Key actions to support the implementation of the Strategy include:

  • Developing a strong international reputation for Ireland in high-growth markets and repositioning our reputation in existing markets through a joined-up approach;
  • Developing cohesive marketing messages for distinct markets combining economic, tourism and cultural identities;
  • Developing and internationalising our enterprise base
  • Developing Ireland as a hub for global high-technology enterprises and clusters;
  • Maximising the effectiveness of our overseas diplomatic and agency representatives in key markets; making effective use of EU diplomatic resources, the Irish diaspora and country/state specific collaborative agreements and fora;
  • Improving the environment for trade, tourism and investment by expanding our international access and air connectivity, and driving the deployment of next generation broadband nationally;
  • Internationalising our banking links; further developing our international network of tax treaties;
  • Aligning visa entry requirements with our trade, tourism and investment priorities;
  • Developing joint actions and partnerships with other countries to promote trade, investment, and market access.
  • Exploiting the potential of EU Free Trade Agreements and WTO trade agreements, while advancing the strategic interests of key indigenous sectors.

The strategy is to focus attention on the following sectors: services, tourism, food, education, life sciences, software, creative industries, Next Generation Network-enabled sectors, clean technology and green enterprise, construction and the built environment, ‘silver’ technologies (loosely meaning ‘stuff for older people’).

The plan will be driven forward by a new agency, the Foreign Trade Council comprising representatives from all relevant government departments and agencies.

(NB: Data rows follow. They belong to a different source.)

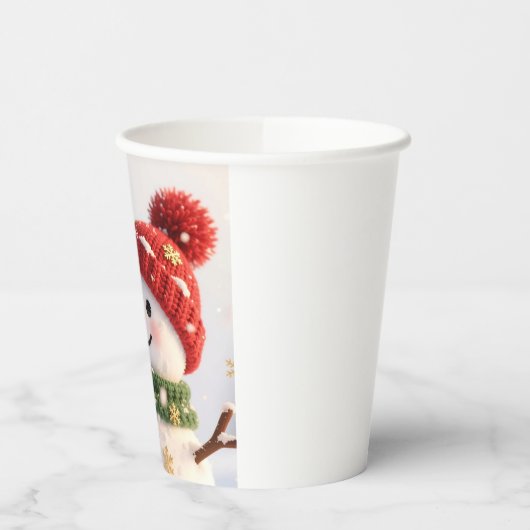 Snowman Selfie Holiday Paper Cup 紙コップ (左)
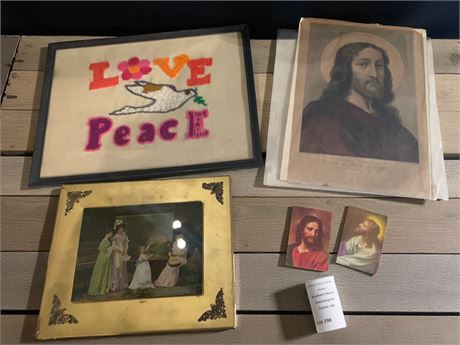 Head Portraits of Jesus Christ, Needlepoint Frame Love/Peace Dove Wall Art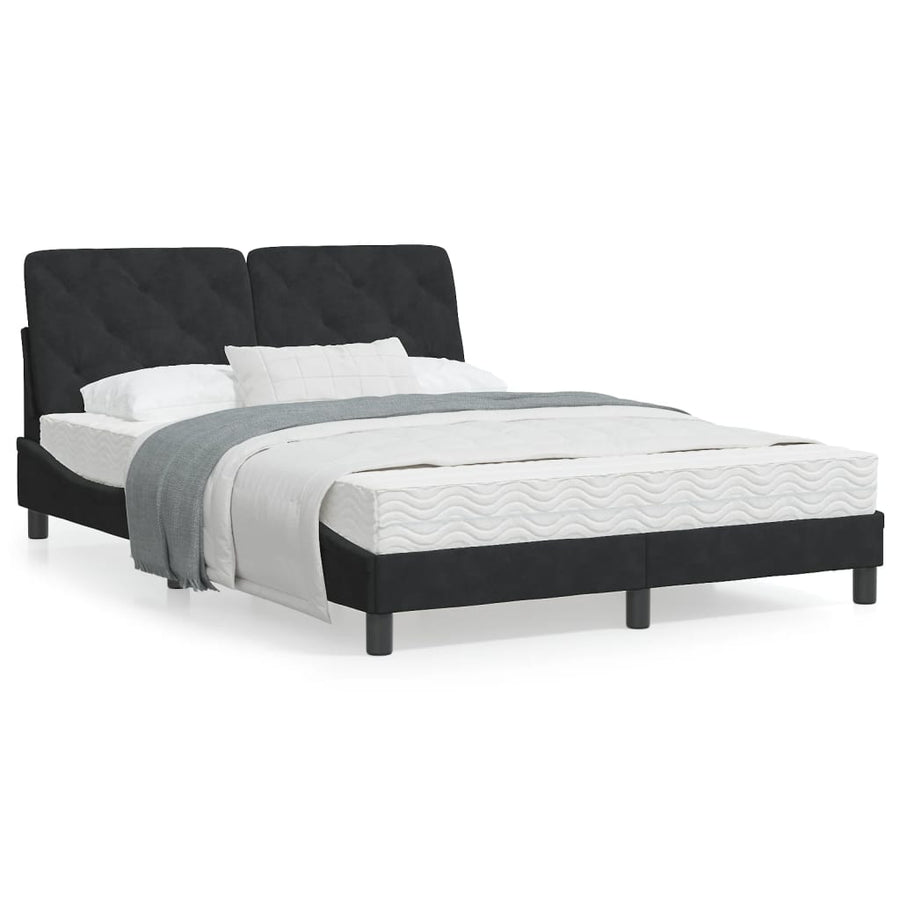 Bedframe met LED-verlichting fluweel zwart 140x190 cm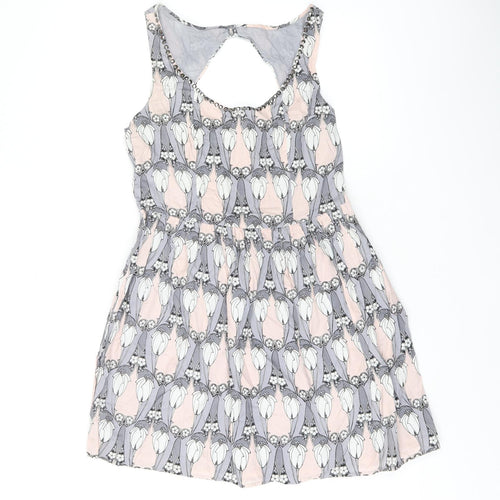 Oasis Womens Grey Geometric Cotton Skater Dress Size 12 Scoop Neck Zip - Studded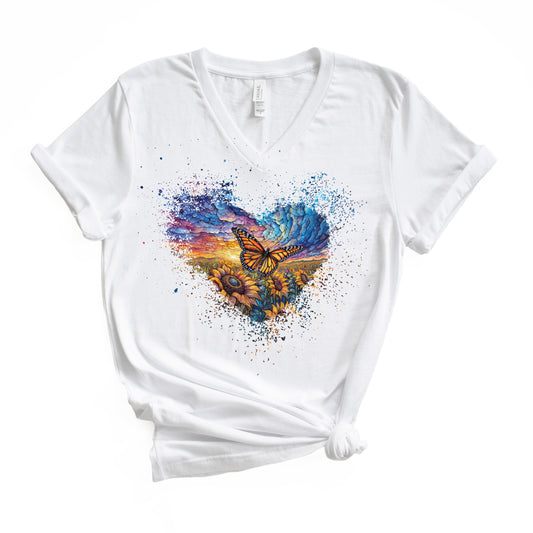 Butterflys Dream Unisex Jersey Short Sleeve V-Neck Tee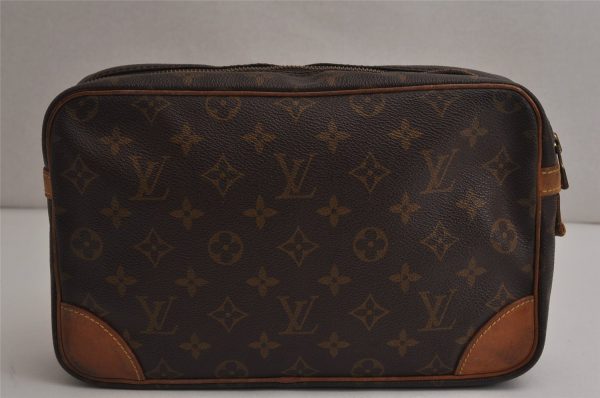 Authentic Louis Vuitton Monogram Compiegne 28 Clutch Hand Bag M51845 LV 0270K Hot on Sale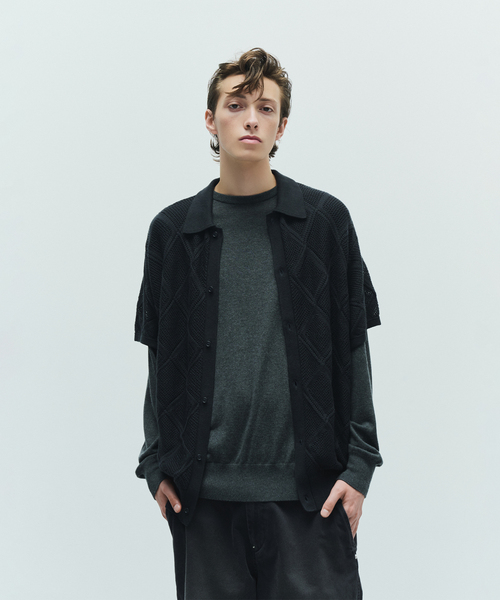 UNFOLLOW（アンフォロー）の「【FOLL / フォル】super soft lily yarn cotton crochet card（Tシャツ/カットソー・メンズ・グレー/ブルー系その他/アイボリー・3/2）」の7枚目の写真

“The intention is that joined-up thinking will lead up to joined-up action, and that all of the available resources are used to ensure that our trade, tourism and investment sectors are well positioned to respond smartly and effectively to emerging opportunities as the global economy returns to growth” (p. vii)  Thankfully, I have faith that Forfas, IDA, EI, and some government departments, if not ministers, can do joined up thinking and action; hopefully the Foreign Trade Council will be more Forfas/IDA/EI than Fas Interesting Fas (Ireland’s National Training and Employment Authority) is not mentioned once in the document and nor were they represented on the high level group that put the plan together – one would think that given its remit it might have a role to play in creating a smart economy?).

Section 6 (pages 43-54) is the key part and there’s good stuff in there.  I’m sure there are other good ideas that could be added by opening it up to wider consultation.  What is missing are time frames, goals/targets and milestones.  Without these there is every possibility the plan will slip (and if the lead up to the plan is anything to go by, the slippage will be significant).  Indeed, it will be interesting to see in a year’s time how many of these initiatives are underway in any meaningful way.  It is critical at this stage that all the initiatives in this section start as soon as possible.  Like now.  We’ve waited long enough for the plan, we don’t need another long delay for implementation, we need action.